_Work item_
Return the full listing word for word, but drop every picture from it.

_Provided data_
================

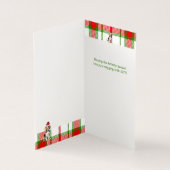 Beagle Dog Red en Green Plaid Vakantie Kaart (Binnen)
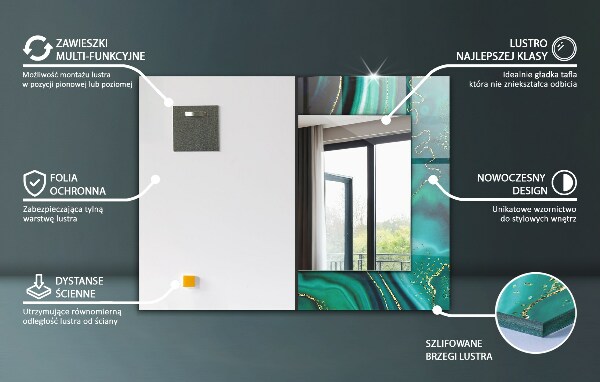 Zrkadlo rám s potlačou Abstraktní linie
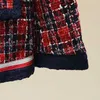 Mélanges de laine pour femmes nouveau bloc de couleur rouge pour femmes col rond à manches longues tweed manteau court en laine casacos S M LL230926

================

_Answer section_
 Beagle Dog Red en Green Plaid Vakantie Kaart (Binnen)
 Zrkadlo rám s potlačou Abstraktní linie
 Mélanges de laine pour femmes nouveau bloc de couleur rouge pour femmes col rond à manches longues tweed manteau court en laine casacos S M LL230926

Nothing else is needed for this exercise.